Exercise ▸
Quote the entries below from the line with "Graceful Long Corset" through the line with "Imagem de Palheta", both ends included, and only those lines.

Records for the exercise ▸

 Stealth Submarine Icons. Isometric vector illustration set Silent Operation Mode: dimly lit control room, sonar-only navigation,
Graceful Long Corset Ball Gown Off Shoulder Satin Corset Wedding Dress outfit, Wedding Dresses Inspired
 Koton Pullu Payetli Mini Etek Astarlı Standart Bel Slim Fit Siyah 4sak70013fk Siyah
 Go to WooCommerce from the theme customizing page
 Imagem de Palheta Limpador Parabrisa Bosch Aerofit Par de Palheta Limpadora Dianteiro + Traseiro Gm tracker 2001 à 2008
==
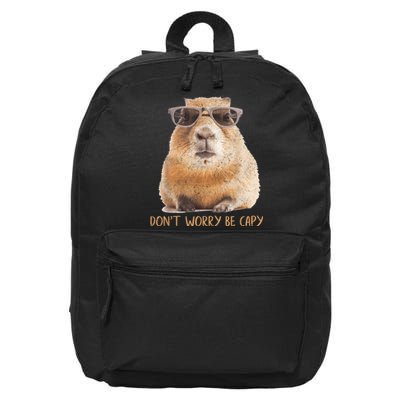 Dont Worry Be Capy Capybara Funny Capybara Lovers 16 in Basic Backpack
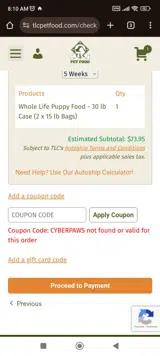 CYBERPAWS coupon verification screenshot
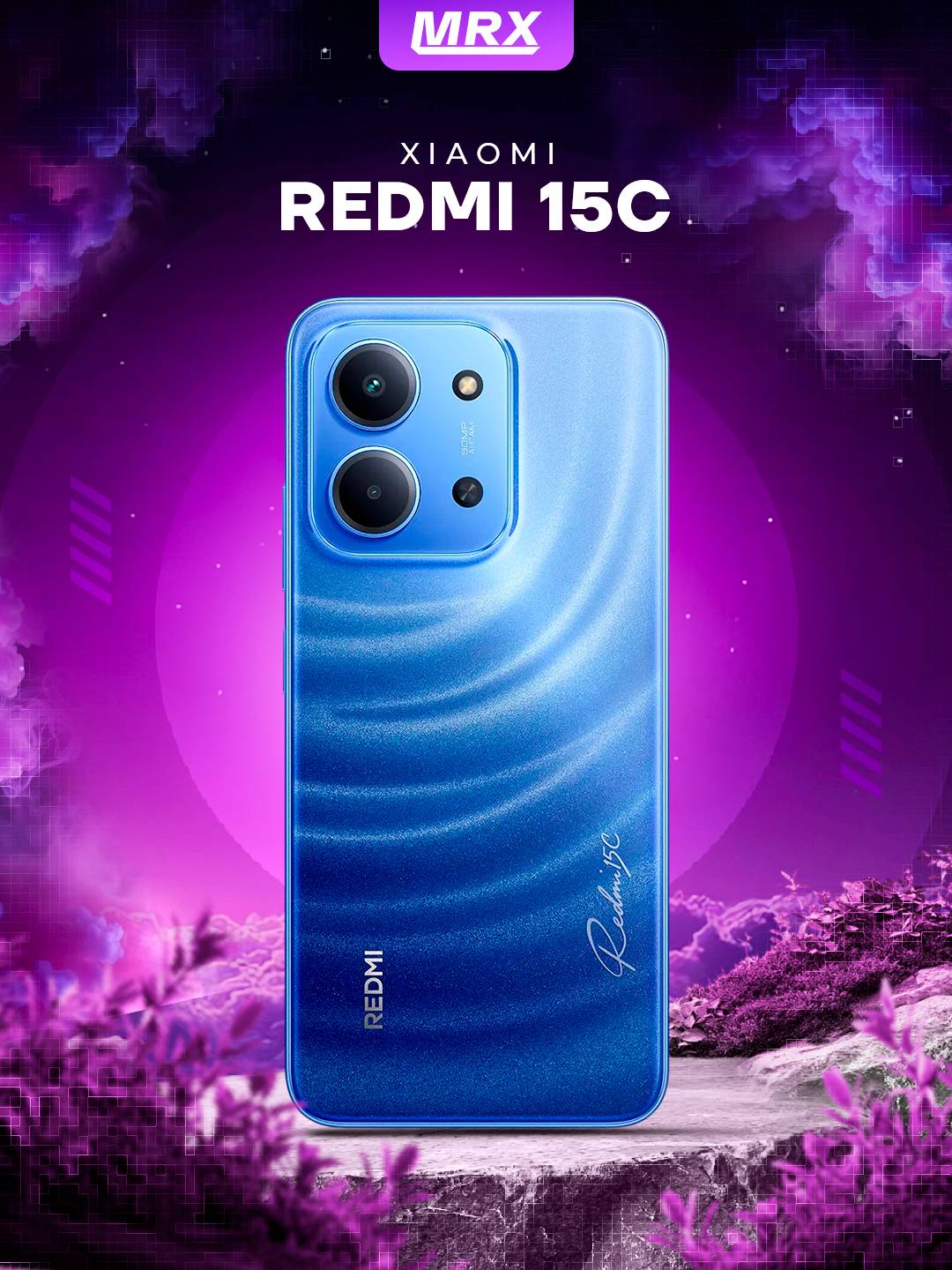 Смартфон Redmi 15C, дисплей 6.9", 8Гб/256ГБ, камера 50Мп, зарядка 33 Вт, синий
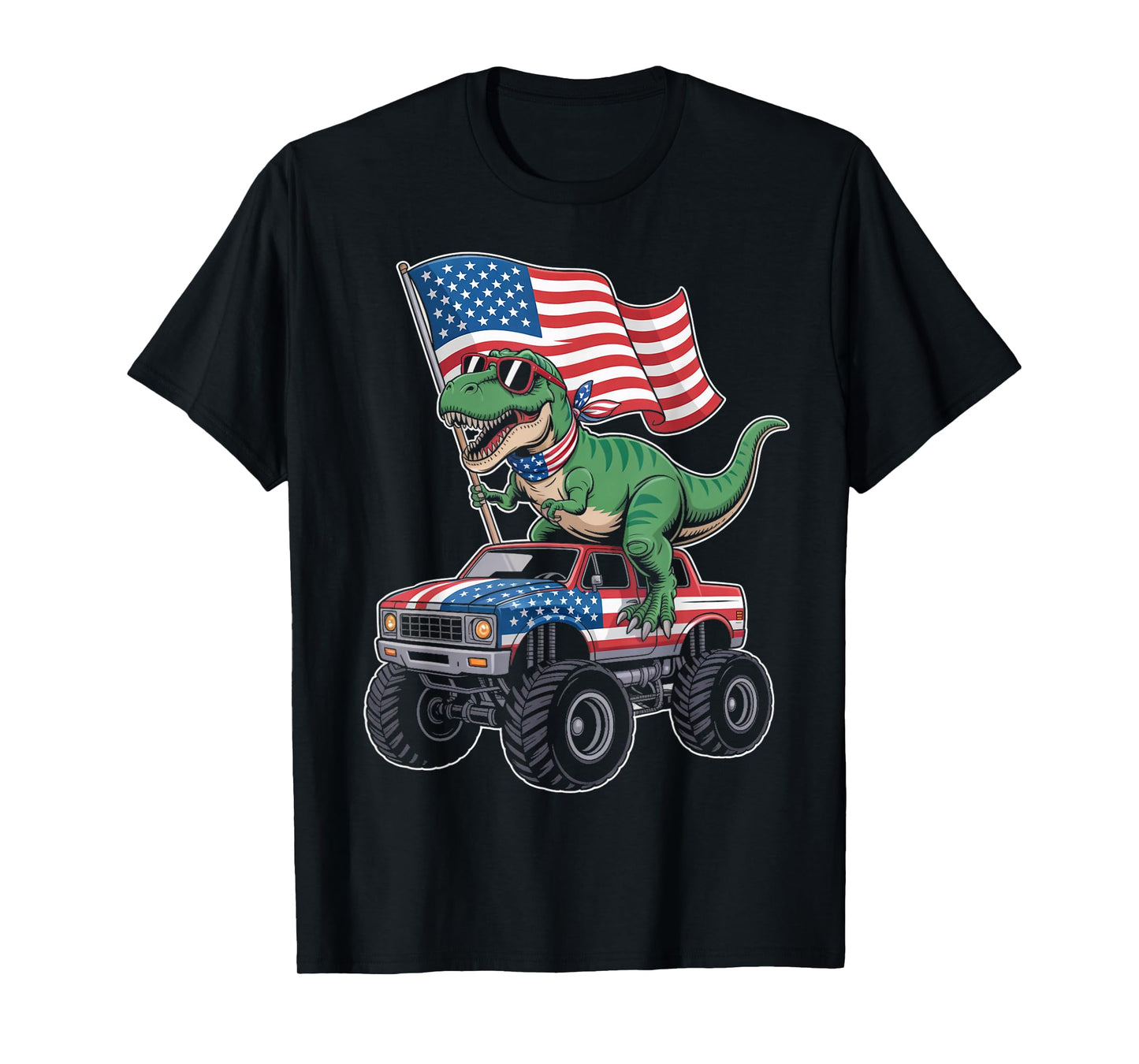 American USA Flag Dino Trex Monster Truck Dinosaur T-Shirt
...
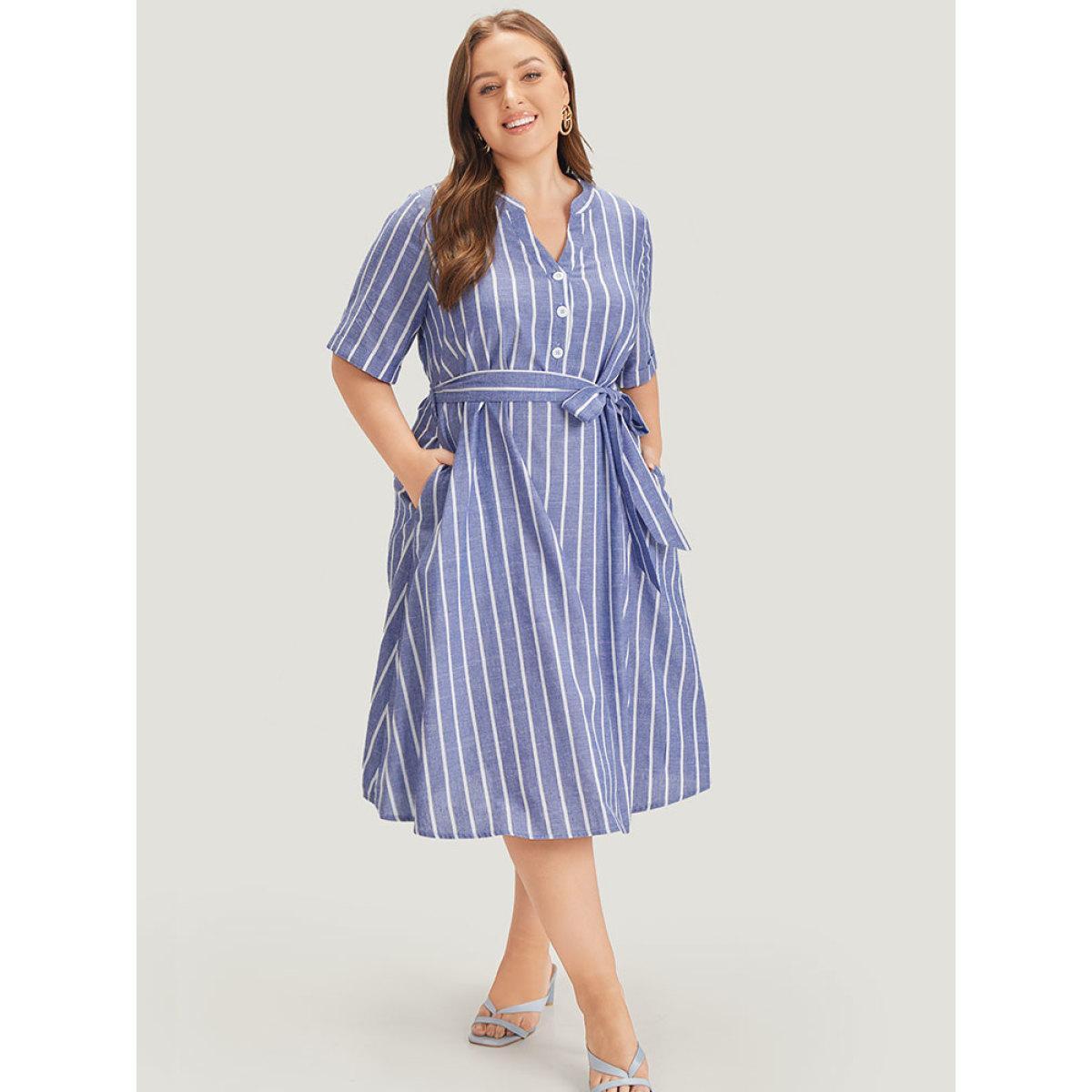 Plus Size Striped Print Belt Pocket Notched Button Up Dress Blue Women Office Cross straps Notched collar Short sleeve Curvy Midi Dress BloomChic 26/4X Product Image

Solution ▸
Graceful Long Corset Ball Gown Off Shoulder Satin Corset Wedding Dress outfit, Wedding Dresses Inspired
 Koton Pullu Payetli Mini Etek Astarlı Standart Bel Slim Fit Siyah 4sak70013fk Siyah
 Go to WooCommerce from the theme customizing page
 Imagem de Palheta Limpador Parabrisa Bosch Aerofit Par de Palheta Limpadora Dianteiro + Traseiro Gm tracker 2001 à 2008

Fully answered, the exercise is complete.